The project’s technical development was equally complex and extensive. DataArt reviewed the existing site’s servers and backend systems. They combed through hundreds of pages and subdomains—many of which hadn’t been updated in years—to assess the existing framework. Starting from the ground up, they built a new software environment running on brand new hardware capable of handling a more demanding load. Over the months, as DataArt built the new content management and database systems, C&G developed the site’s navigational architecture and design templates.

The result is a robust and flexible platform that showcases modern, dynamic media such as videos and integrates with existing web-based systems, and which can easily be managed and expanded to accommodate the university’s evolving needs. The platform is a customized version of WordPress, a widely used open-source web platform under continual development, making it a logical choice that will allow rockefeller.edu to grow and change as the web itself does.

“What’s emerged is a site with stronger messaging, an enhanced visual identity, and a dramatically improved user experience,” says Ms.

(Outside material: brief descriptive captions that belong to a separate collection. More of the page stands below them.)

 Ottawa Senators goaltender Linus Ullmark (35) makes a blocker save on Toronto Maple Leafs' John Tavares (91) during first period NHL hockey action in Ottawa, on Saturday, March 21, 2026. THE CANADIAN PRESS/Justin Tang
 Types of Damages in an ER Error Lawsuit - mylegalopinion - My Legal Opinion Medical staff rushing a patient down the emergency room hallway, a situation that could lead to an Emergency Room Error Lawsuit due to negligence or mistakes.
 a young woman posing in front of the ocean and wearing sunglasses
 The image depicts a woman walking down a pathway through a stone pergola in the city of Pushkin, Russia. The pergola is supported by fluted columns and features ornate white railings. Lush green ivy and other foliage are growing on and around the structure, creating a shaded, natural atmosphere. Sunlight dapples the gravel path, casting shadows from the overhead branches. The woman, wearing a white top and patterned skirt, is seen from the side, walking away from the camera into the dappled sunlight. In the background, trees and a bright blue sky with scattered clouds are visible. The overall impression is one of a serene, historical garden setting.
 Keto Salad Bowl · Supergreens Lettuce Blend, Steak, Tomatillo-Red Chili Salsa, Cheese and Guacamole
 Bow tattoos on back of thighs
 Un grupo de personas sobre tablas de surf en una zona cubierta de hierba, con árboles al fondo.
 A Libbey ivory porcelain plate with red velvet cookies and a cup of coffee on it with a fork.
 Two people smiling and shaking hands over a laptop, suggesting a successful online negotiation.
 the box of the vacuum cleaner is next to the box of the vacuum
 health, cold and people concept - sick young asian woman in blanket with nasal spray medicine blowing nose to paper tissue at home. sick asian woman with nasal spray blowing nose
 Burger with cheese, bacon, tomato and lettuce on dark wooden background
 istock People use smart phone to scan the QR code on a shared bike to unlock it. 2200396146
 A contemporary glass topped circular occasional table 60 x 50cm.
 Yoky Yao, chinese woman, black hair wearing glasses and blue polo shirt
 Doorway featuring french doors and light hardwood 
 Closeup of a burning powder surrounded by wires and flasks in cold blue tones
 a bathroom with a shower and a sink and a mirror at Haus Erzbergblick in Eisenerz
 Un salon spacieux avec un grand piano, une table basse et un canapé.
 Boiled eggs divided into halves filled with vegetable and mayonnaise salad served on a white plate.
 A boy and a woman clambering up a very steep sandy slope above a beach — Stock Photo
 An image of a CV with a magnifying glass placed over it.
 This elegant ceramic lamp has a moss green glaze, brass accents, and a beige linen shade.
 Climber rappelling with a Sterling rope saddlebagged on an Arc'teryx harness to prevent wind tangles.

McCurdy. “The way information is organized has been streamlined and simplified, and staff members in charge of managing content will have robust new tools to do their jobs.”

“The discovery and design process produced a complete restructuring of the site’s content architecture as well as a refreshed look, which required our applications and web teams to implement a brand new technology stack using open-source software,” says Anthony Carvalloza, the university’s chief information officer. “The first phase of the website redesign project has completely modernized rockefeller.edu.”

Modern function and features

Among other improvements, the redesigned website features a new search engine, which will help users quickly find relevant content. The site’s desktop design was also developed in parallel with the mobile design, so when visitors pull up rockefeller.edu on their smartphones or tablets, they will access a mobile-optimized version of the whole site. The site will host a growing assortment of multimedia content, including new videos profiling the university’s lab heads. The videos—several will debut when the site launches, with more to come throughout the year—offer glimpses into the work, philosophy, and motivation of Rockefeller scientists.

Although the March launch represents the end of the redesign phase, it is in fact just the beginning of an ongoing effort to add, revise, and improve content and eventually absorb additional systems—such as the university intranet, InsideRockefeller, which was not part of this redesign—into the new architecture. CPA plans to work with labs and administrative groups across the university to help identify opportunities to enhance their specific pages. And CPA and IT will continue making incremental upgrades to increase functionality to the site in the coming months.

“The website is a living document,” says Ms. McCurdy. “We’ve only just completed the initial step.”